Thich Nhat Hanh. In the 2017 book A Way of Life: Zen Monastics at Work and at Play.

81% of ERAU pilots bust IFR minimums

OK, this might be a bit of a ‘one weird trick nobody knows’ clickbait avgeek troll headline — but this is a real paper on real research in a real journal. It’s in Safety Science, titled ‘An analysis of a pilot’s adherence to their personal weather minimums’, written by Professor Scott Winter et al.. Full citation at the end of the post. They studied certificated instrument pilots (who were also ERAU students) and how they adhered to both personal and FAA minimums while flying an ILS approach. The results were quite astonishing:

“The findings demonstrated 96.4% of participants descended below their stated personal weather minimums while 81.5% descended below the minimum published federal altitude.”

How did they do it? The research team at Embry-Riddle Aeronautical University in Daytona Beach, Florida, had 112 instrument-rated pilots fly an ILS approach in a simulator into low instrument meteorological conditions. What they didn’t know was the weather was set below minimums, forcing a missed approach. The simulator/research lab looked like this:

The purpose was to study whether pilots really adhere to stated ‘personal minimums’, which for these relatively inexperienced pilots (average total pilot time 264 hours) were higher than the absolute FAA minimums for the approach. I’d expect some non-compliance here, personal minimums are kind of aspirational, have a yeah yeah New Years Resolution feel to them. And it’s a simulator, no one is going to crash and die in a sim. Just a bit lower and I’ll show you how good a pilot I am! So 96% going below doesn’t surprise me.

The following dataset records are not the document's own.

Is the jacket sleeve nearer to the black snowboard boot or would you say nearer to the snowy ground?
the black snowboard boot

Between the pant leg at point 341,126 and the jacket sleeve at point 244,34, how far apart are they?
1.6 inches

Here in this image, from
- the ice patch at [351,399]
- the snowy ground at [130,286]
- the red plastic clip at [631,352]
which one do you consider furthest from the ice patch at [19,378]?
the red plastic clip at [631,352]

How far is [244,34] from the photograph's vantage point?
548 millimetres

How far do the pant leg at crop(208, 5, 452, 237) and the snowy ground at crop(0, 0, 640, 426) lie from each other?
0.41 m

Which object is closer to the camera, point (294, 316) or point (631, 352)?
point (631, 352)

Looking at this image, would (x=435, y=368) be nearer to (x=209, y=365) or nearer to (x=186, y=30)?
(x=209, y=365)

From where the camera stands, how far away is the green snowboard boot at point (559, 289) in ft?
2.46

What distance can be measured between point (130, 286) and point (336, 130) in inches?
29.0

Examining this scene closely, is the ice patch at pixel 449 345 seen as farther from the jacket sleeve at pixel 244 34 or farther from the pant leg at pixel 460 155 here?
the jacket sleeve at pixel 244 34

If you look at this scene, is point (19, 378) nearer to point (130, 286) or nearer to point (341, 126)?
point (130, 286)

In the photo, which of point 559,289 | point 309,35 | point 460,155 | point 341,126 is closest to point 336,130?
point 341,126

But I’m very surprised that at real FAA minimums over 80% of the pilots kept descending. These are licensed instrument pilots, engaged in university research. Now, some were told they’d receive a possible $25 reward if a landing was completed, but that’s a lot less motivation than running out of gas or having to divert to an alternate and spend the night in a rubbish hotel. Still, $25 is a lot of money to an undergraduate student and it could welll tip the scales.

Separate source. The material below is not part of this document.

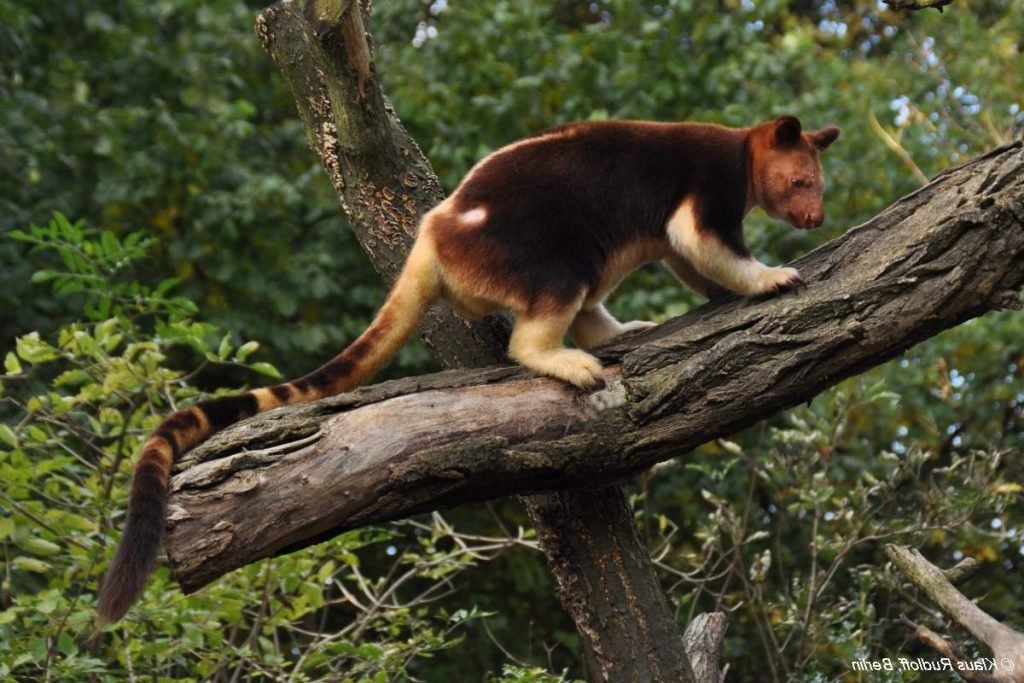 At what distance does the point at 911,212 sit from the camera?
4031 mm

It didn’t The researchers report, “there was no significant difference in the lowest altitude which a pilot descended based on the external pressure condition for which they were assigned.” The four different conditions of financial or peer reward that were tested — made no difference. The story was the same with or without motivation to land:

“A high percentage of pilots (96.4%) descended by an average of 303 feet below their stated personal weather minimums for cloud ceiling (height), and 81.5% of pilots descended below the federal legal limit an average of 43 feet. All of these values are highly concerning.”

Six of the pilots never went around, and pushed on to a ‘landing’. The weather was 0 miles visibility 0 feet ceiling. Two of those six ended up in the grass next to the runway. Everybody received the $25 bonus.

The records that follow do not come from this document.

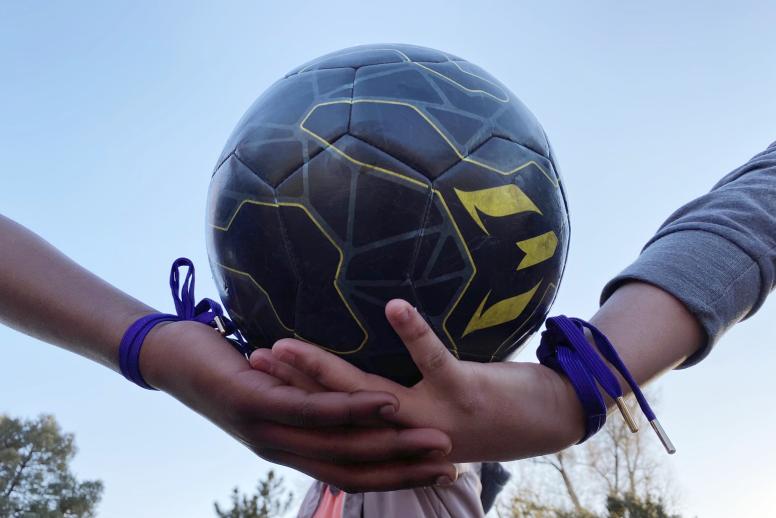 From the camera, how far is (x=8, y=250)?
160cm

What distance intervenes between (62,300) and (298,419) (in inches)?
28.7

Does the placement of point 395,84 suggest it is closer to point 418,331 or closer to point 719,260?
point 418,331

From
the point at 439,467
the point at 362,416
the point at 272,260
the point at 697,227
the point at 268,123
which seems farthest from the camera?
the point at 697,227

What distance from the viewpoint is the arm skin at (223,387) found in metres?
1.30

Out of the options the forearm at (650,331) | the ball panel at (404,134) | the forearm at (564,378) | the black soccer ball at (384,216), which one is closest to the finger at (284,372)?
the black soccer ball at (384,216)

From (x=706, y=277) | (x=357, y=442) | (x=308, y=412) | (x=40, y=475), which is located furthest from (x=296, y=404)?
(x=40, y=475)

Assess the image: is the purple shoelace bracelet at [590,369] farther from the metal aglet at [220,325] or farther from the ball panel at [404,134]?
the metal aglet at [220,325]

The paper ends by saying “personal minimums only serve as a risk mitigation strategy if they are properly used, adhered to, and supported.” Not really surprising that almost every pilot blew past feels-good-to-say-it personal minimums.

What was surprising was the attempts to influence the pilot’s behaviour failed. Monetary or peer reward had no statistical influence on the altitude that missed approach was started. And the huge story is the overwhelming number of pilots that went below absolute minimums. This is Top Gun Maverick breaking the hard deck stuff. You don’t do it unless it’s some kind of two-engines-on-fire emergency.

Don’t be like these ERAU students. Just don’t.

Reference:

Scott R. Winter, Stephen Rice, John Capps, Justin Trombley, Mattie N. Milner, Emily C. Anania, Nathan W. Walters, Bradley S. Baugh. (2020). An analysis of a pilot’s adherence to their personal weather minimums. Safety Science, Volume 123.